Dire que ce qui se trouve dans un média traditionnel est « sérieux » et ce qui se trouve sur un blog est « non sérieux » est un privilège que seule l’audience peut s’arroger. Et cette audience montre chaque jour un peu plus qu’elle est capable, non seulement de faire cette distinction, mais en plus, qu’elle souhaite pouvoir interragir avec ceux qui l’informent. Les mass media qui n’ont pas encore intégré cette notion de « confiance » et préfèrent se murer dans leur conviction d’être détenteurs de la seule vérité journalistique sont condamnés. Mais il est vrai qu’il s’agit d’un changement de mentalité difficile qui demande un brin d’humilité de la part des tenants de la bien pensance économique et académique.
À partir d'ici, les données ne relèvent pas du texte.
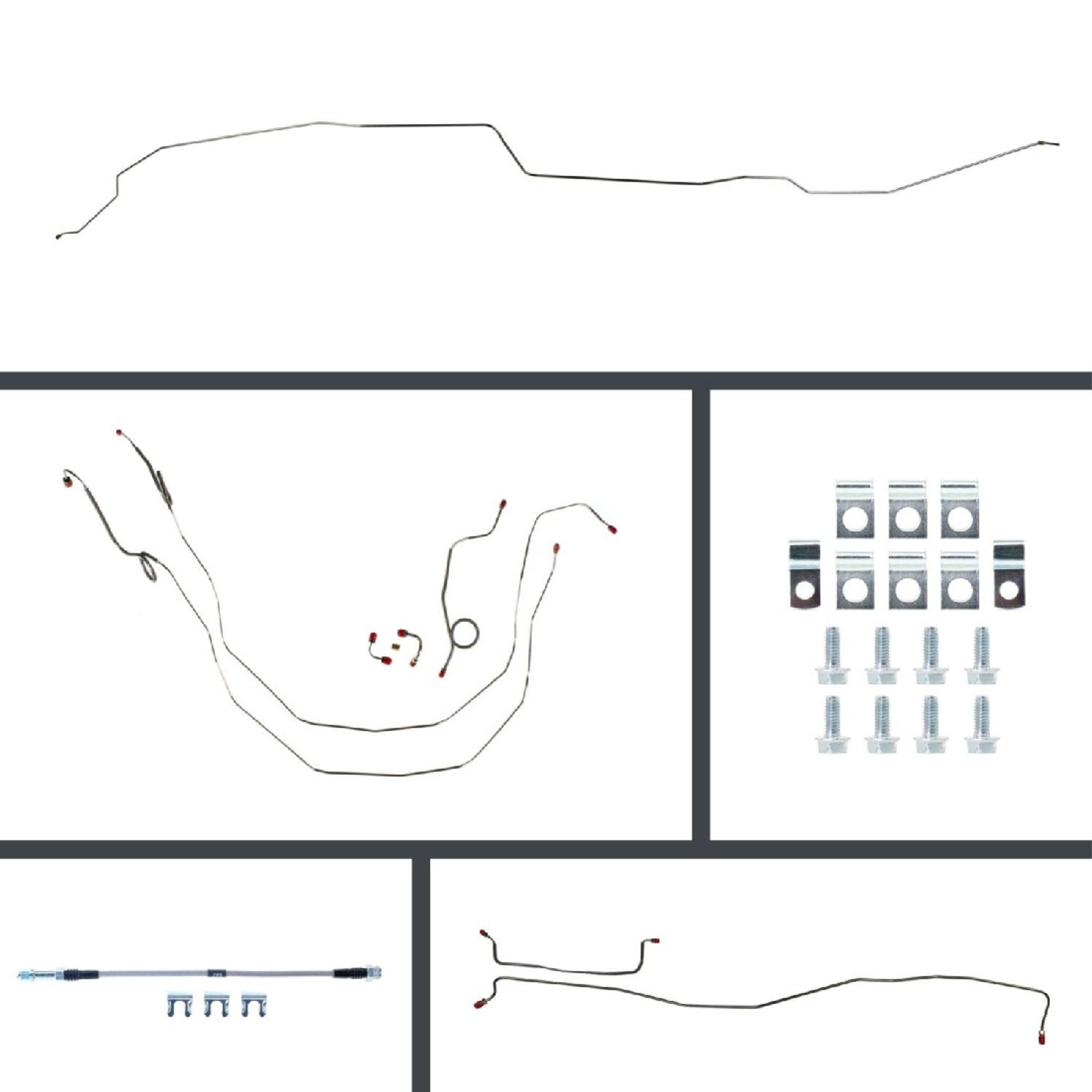 The Right Stuff 59-64 Bel Air Manual Front Disc Conversion R Drum Pre-Bent Stainless Brake Lines - (BSM59H2)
4) Il n’y a donc pas de « confusion des genres » mais bien une « évolution des pratiques à la lumière d’une consommation de l’info radicalement boulversée ». Malgré tout le respect que je lui dois, si Monsieur Heinderickx s’aventurait de temps en temps sur les discussions générées sur des blogs, il aurait pu s’en rendre compte. S’il vivait au quotidien dans une rédaction, lui aussi chercherait sans doute à améliorer son « produit » en utilisant tous les outils qui sont à sa portée pour satisfaire ses « clients », et lorsqu’il serait parvenu à décrypter les retours que ceux-ci lui envoient, il ne prendrait certainement pas un pseudonyme pour se cacher d’avoir découvert là le plus riche des moyens pour communiquer avec ceux qui apprécient, encouragent et aident à parfaire sa pratique d’un journalisme de qualité. Différent certes des poncifs enseignés à l’UniversitéTM, mais ô combien plus proche des attentes liées à cette profession.